The attacks also undid the main appeals of a Goldsmith candidacy, which was his cross-party appeal and his record of independence. By opening himself to charges of racism, the Tory campaign made Goldsmith toxic to supporters of other political parties. And by forcing him to stand shoulder to shoulder with David Cameron and George Osborne, he undid any impression that he would be a mayor willing to stand up to his own government.
If Londoners already had a view of him as an out of touch millionaire dilettante, then he did little during this campaign to dispel that impression.

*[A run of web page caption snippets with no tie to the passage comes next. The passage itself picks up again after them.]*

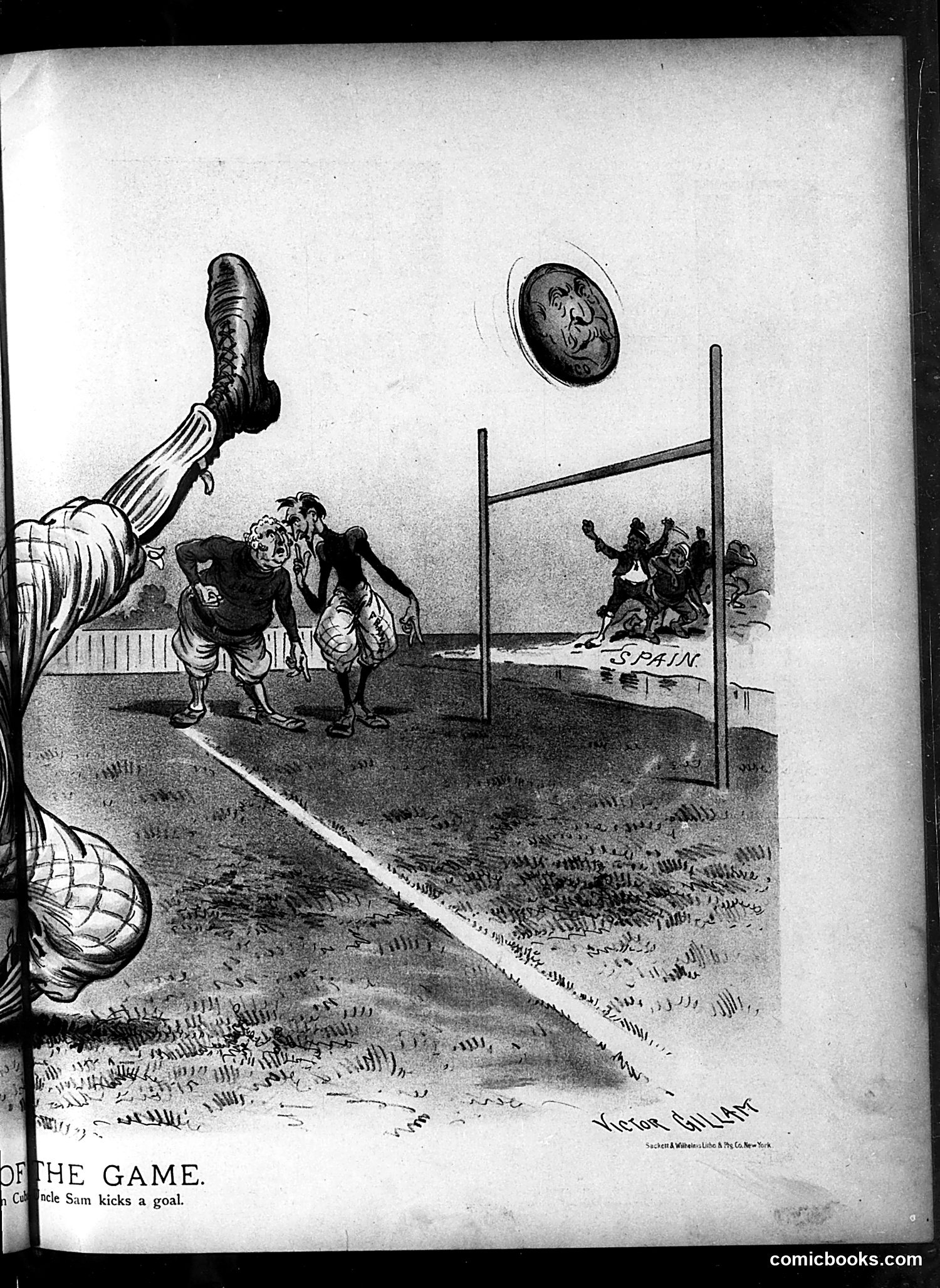 Judge — November 12, 1898 — page 9 of 16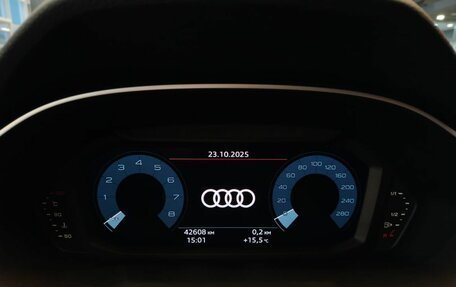 Audi Q3, 2021 год, 3 199 000 рублей, 10 фотография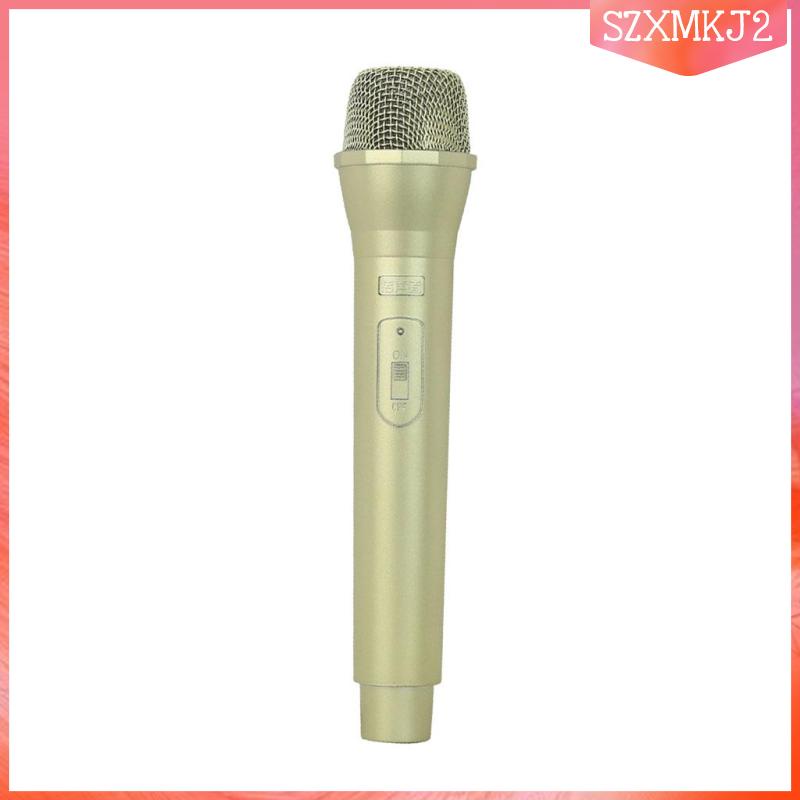 Micro Đồ Chơi Không Dây Bằng Nhựa Zxmkj2 Phong Cách Cổ Điển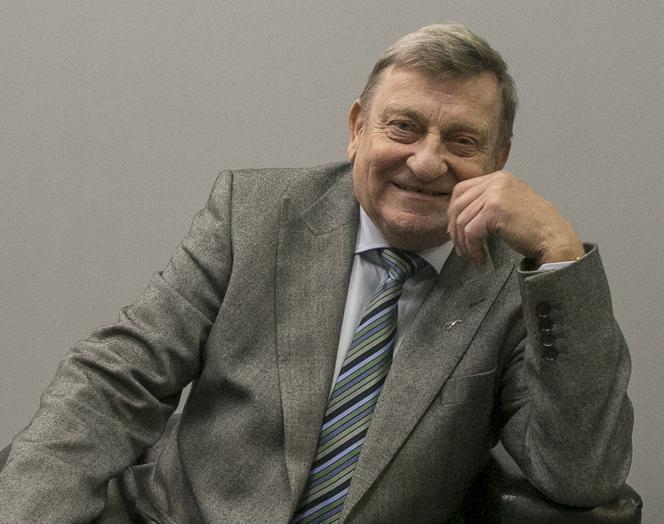 Mirosław Hermaszewski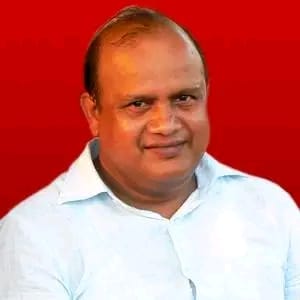 Arup Chatterjee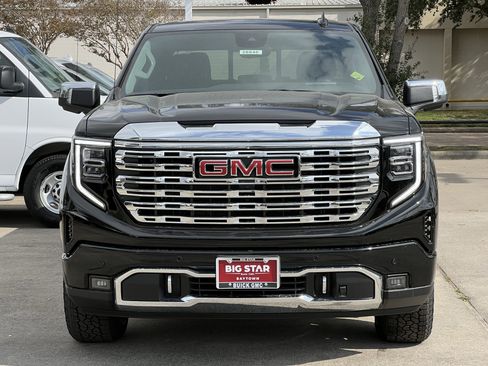 New 2026 GMC Sierra 1500 Denali w/ Technology Package image 6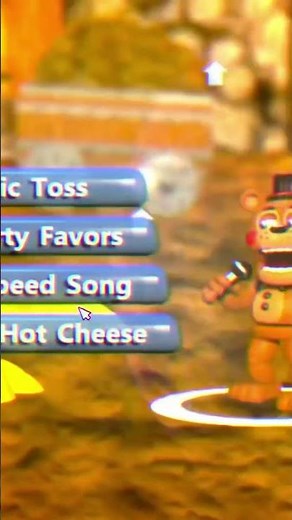 FNAF World Ultra Is PURE CHAOS 😱🔥 (Insane Moments!)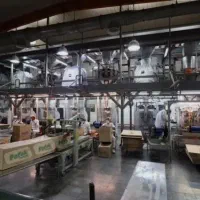 استخدام نیروی آقا در شرکت مواد غذایی و خوراکی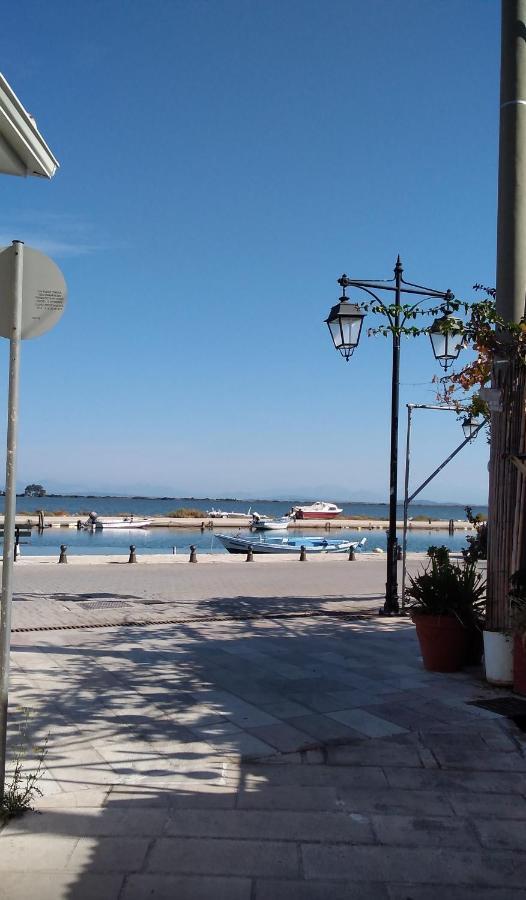 Apartamento Hellenes House Lefkáda Exterior foto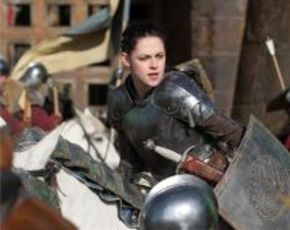 Kristen Stewart estará en la secuela de 'Blancanieves y la leyenda del cazador'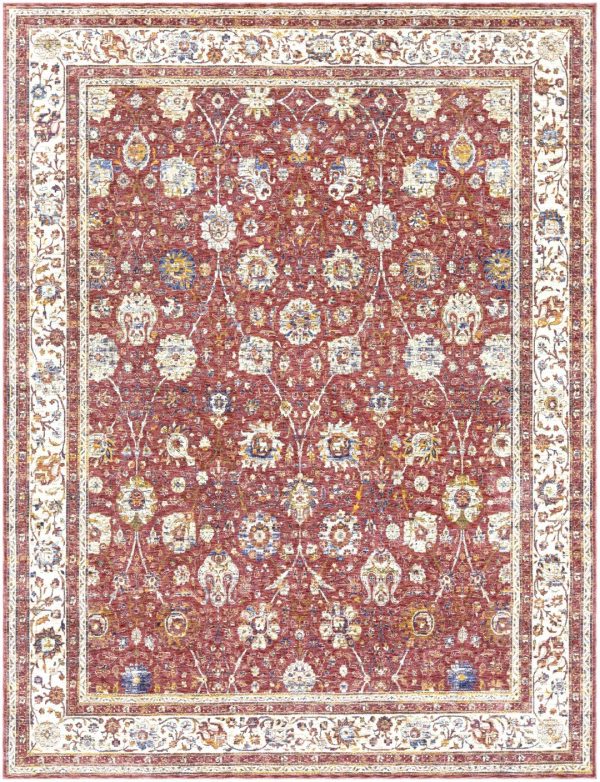 Mahal Area Rug For Discount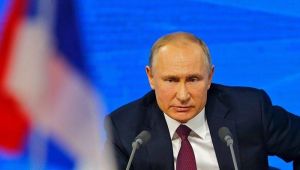 Son dakika | Putin'den ABD'ye 'donanma' tepkisi! 
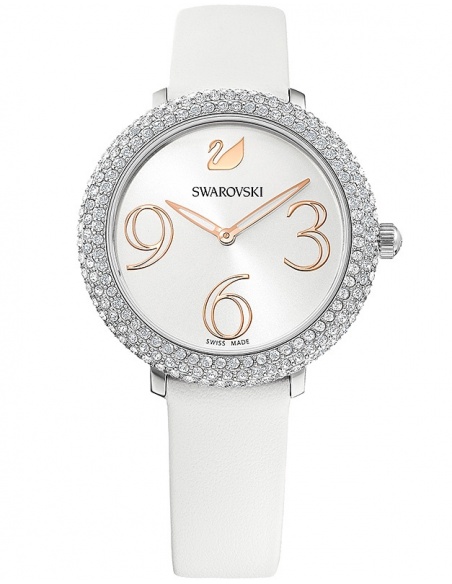 Ceas de dama Swarovski Crystal Frost 5484070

The third and final problem with the Tory campaign was Goldsmith himself. Khan may not be the most charismatic politician, but he at least gave the appearance of wanting the job he was running for. At times Goldsmith looked like a man who had been held hostage by his own campaign. Lacklustre debate performances were compounded by his general laid-back and patrician manner.
Earlier this week I watched Goldsmith walk around market stalls in the white working class area of Erith. With his softly spoken voice and hand in his side pocket, Goldsmith had the air of a minor royal on a visit to an inner city youth centre. This otherworldliness was confirmed in multiple disastrous television interviews – firstly with the BBC in the back of a taxi where he failed a quiz about London, and secondly at the Asian Awards– where he boasted of his knowledge of Bollywood films but was unable to name a single one. On both occasions he looked awkward, uncomfortable and ever so slightly dim. If Londoners already had a view of him as an out-of-touch millionaire dilettante, he did little during this campaign to dispel that impression.
This was always going to be a difficult race for the Conservatives to win but it was not impossible. A recent poll showed that in a race between Khan and the outgoing Conservative mayor, Johnson would have narrowly won. Had Goldsmith fought a better campaign, he could have been in with a fighting chance. Instead he has delivered the party a humiliating and potentially damaging defeat.